WHAT TO WORK ON.
Repeat the records below exactly from the line containing "Double Butterfly Animal" to the line containing "Pink Tourmaline Hoop", taking in both of those lines. Drop the pictures.

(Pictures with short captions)
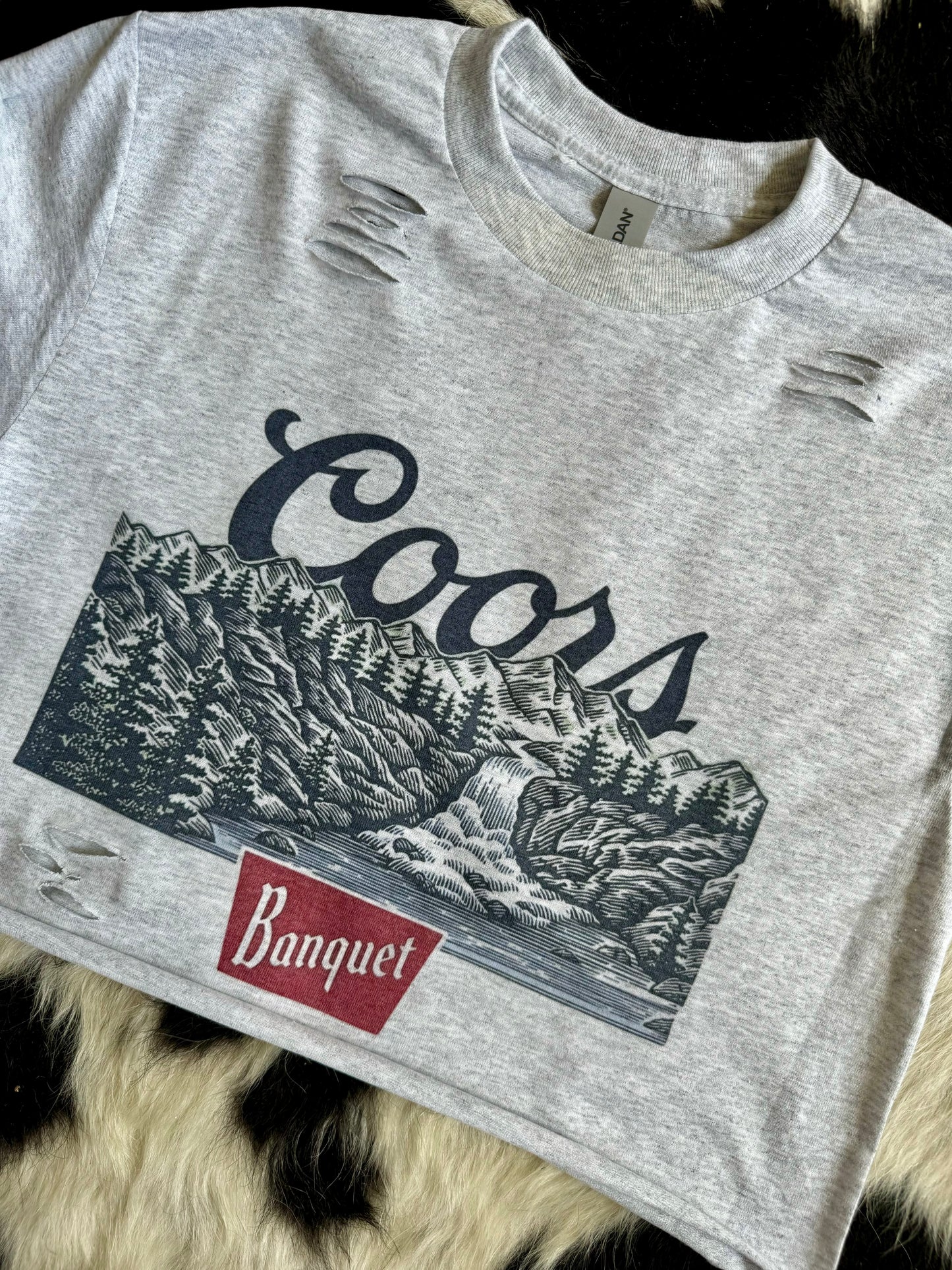 The Branded Roan - Coors Outdoors Cropped Distressed Tee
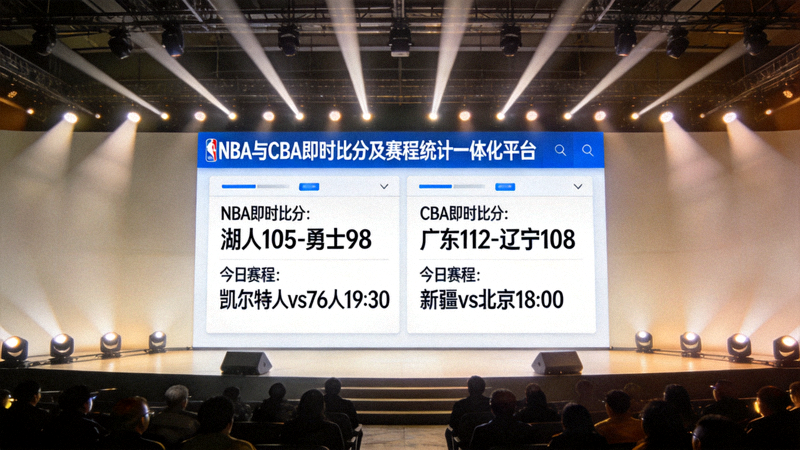 全球篮球数据中枢升级发布会现场，大屏幕展示NBA与CBA即时比分及赛程统计一体化平台界面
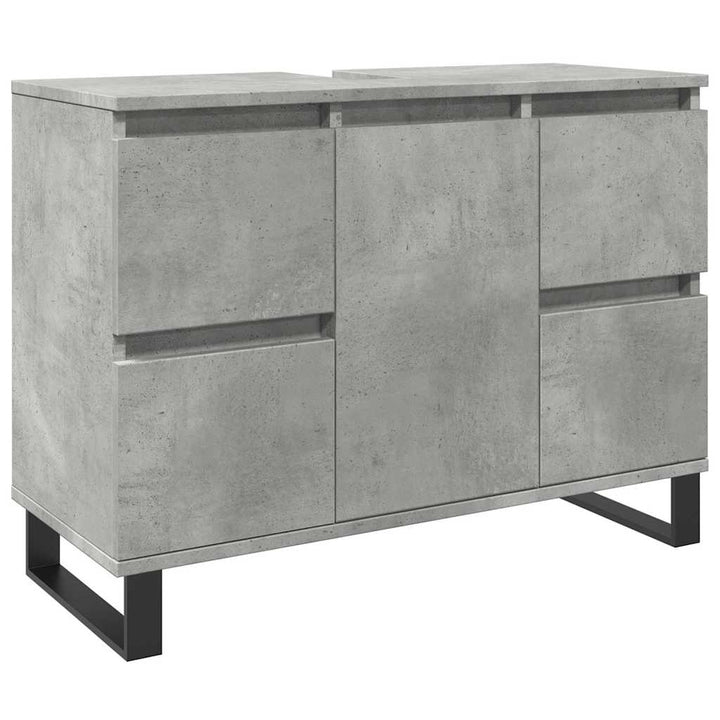 Dulap Chiuvetă Baie, Gri Beton, 80X33X60 Cm, Lemn Compozit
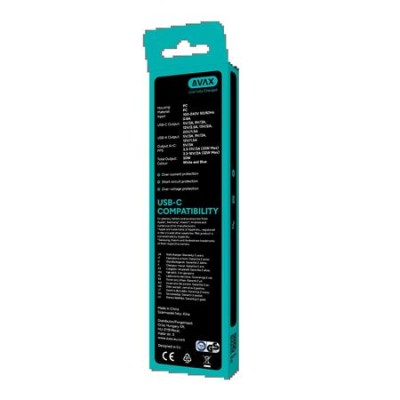 Hálózati töltő, GaN, USB-A + USB-C, AVAX "CH6411 Nano Slim", 2 db, fehér + világoskék Hálózati töltő, GaN, USB-A + USB-C, AVAX "CH6411 Nano Slim", 2 db, fehér + világoskék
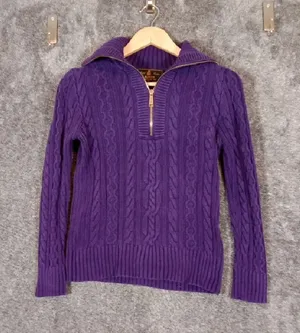 Ralph Lauren Purple Zip-Front Cable Knit Sweater Cotton High Neck Womens S thumbnail 1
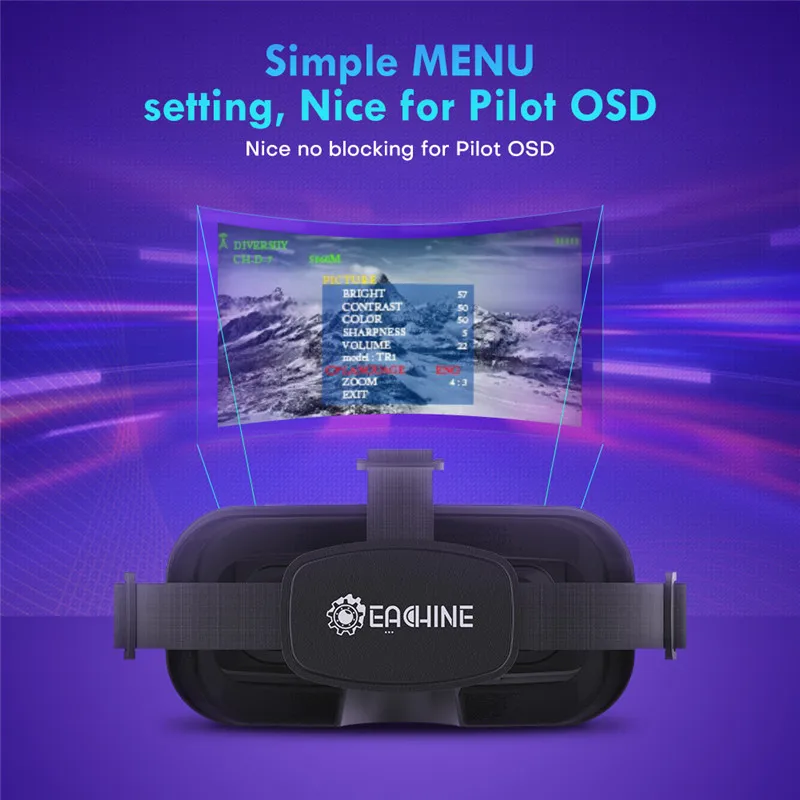 Utilisateur portant les lunettes Eachine EV800DM en action. Achetez Eachine EV800DM FPV Goggles pour le pilotage de drone.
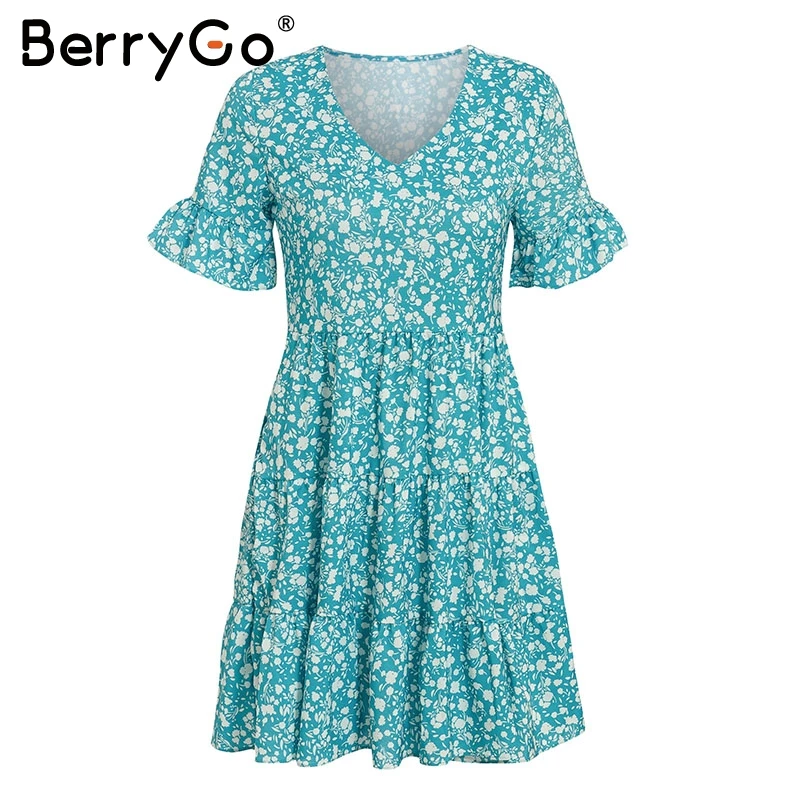 BerryGo Boho Летнее платье с цветочным принтом для женщин v-образным вырезом голубое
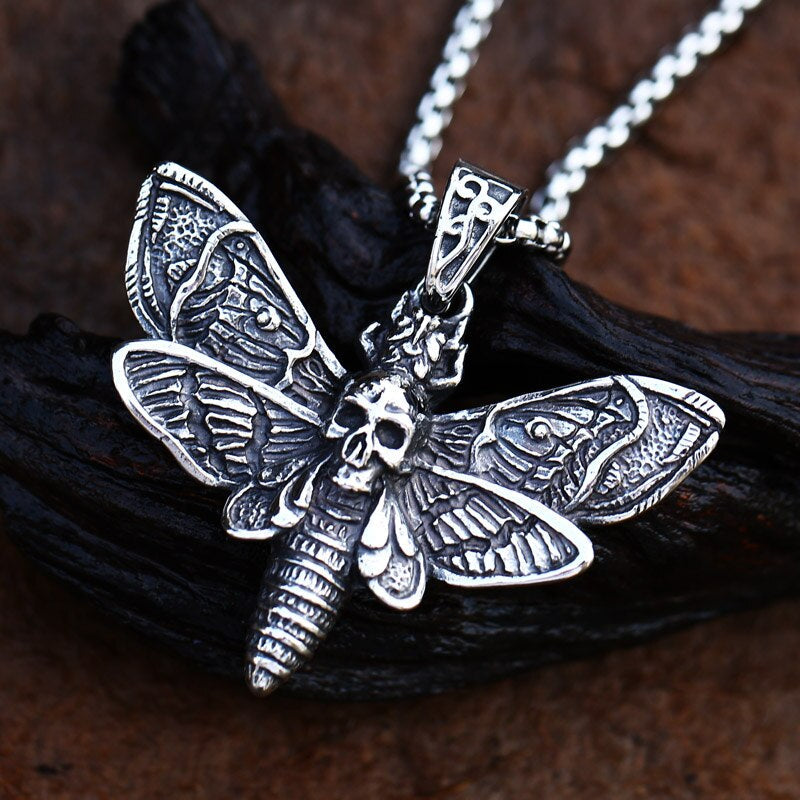 Skull Moth Necklace – Gothic with Dead Head Pendant Dark Statement Jewelry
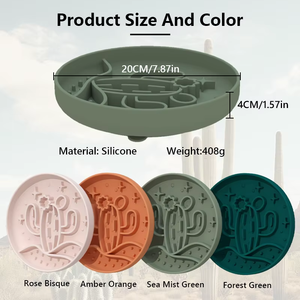 Cactus Silicone Slow Feeder Dog Lick Mat Round Pet Eating Training <b>Bowl</b> Pad Cute Style - Product Image 3
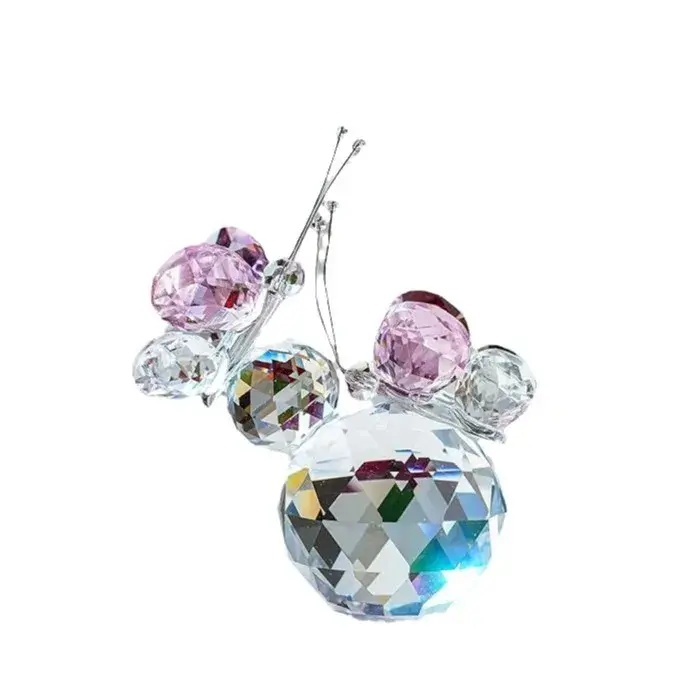 Double Butterfly Animal Crystal Ornament Craft Creative Birthday Gift Indoor Living Room Study High Aesthetic Value Decoration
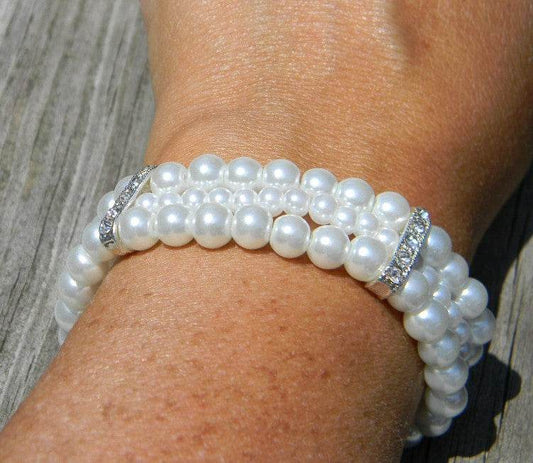 Three Strand Stretch Cuff Bracelet - Victoria's Treasure Chests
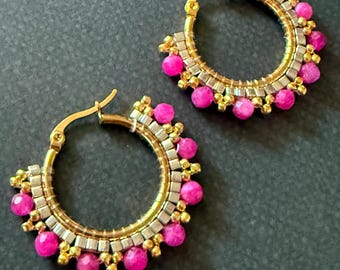 Pink Tourmaline Hoop Earrings: Gemstone Statement Jewelry
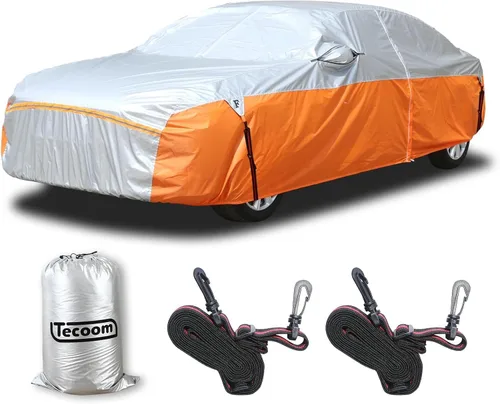Vista 51 de Tecoom Funda impermeable para todo tipo de clima, resistente al viento, protector de granizo con forro polar y puerta con cremallera, protección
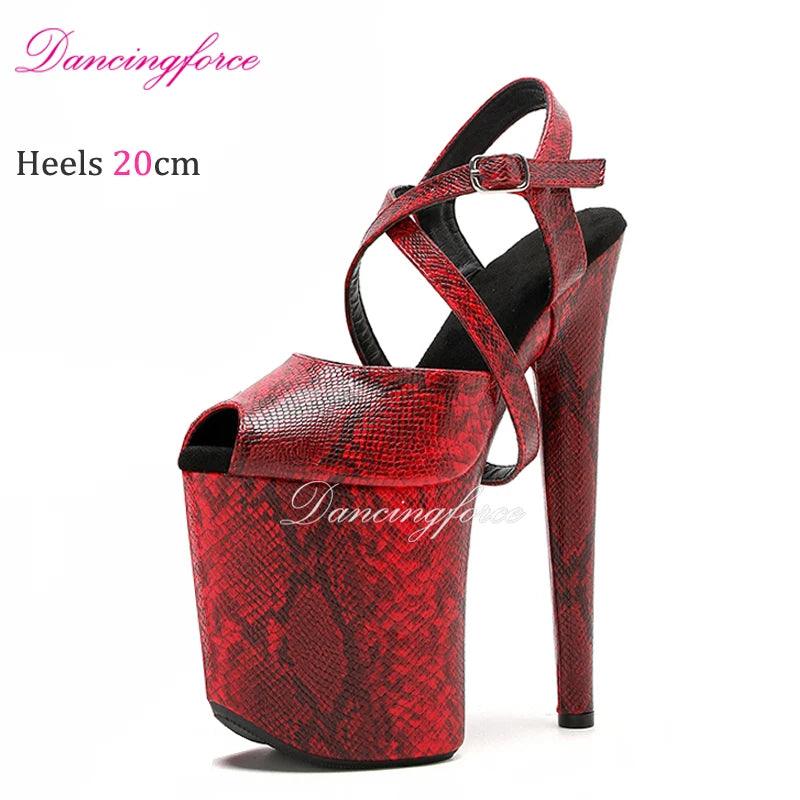 20CM/8inches Snake Print Stripper Pole Dance Shoes - Empire P.E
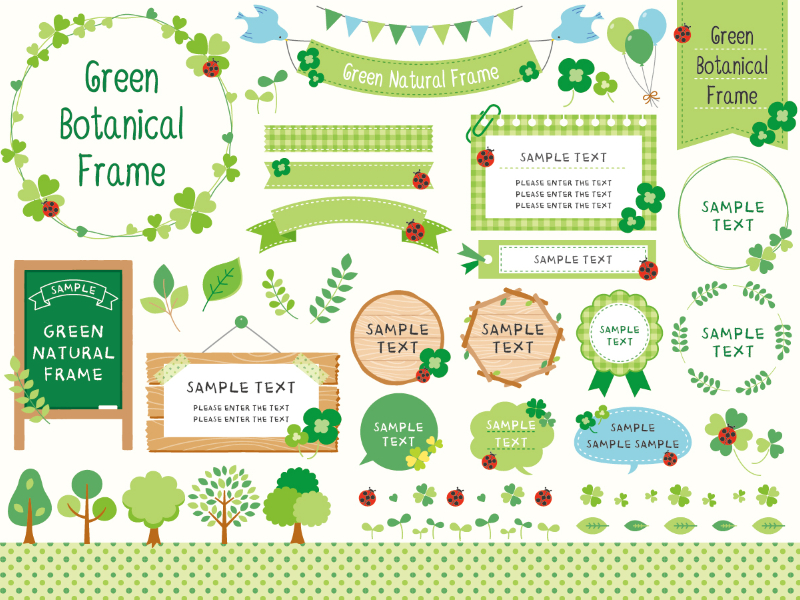 spring green botanical frames illustAC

ANSWER SECTION.
 Double Butterfly Animal Crystal Ornament Craft Creative Birthday Gift Indoor Living Room Study High Aesthetic Value Decoration
 Three Strand Stretch Cuff Bracelet - Victoria's Treasure Chests
 Pink Tourmaline Hoop Earrings: Gemstone Statement Jewelry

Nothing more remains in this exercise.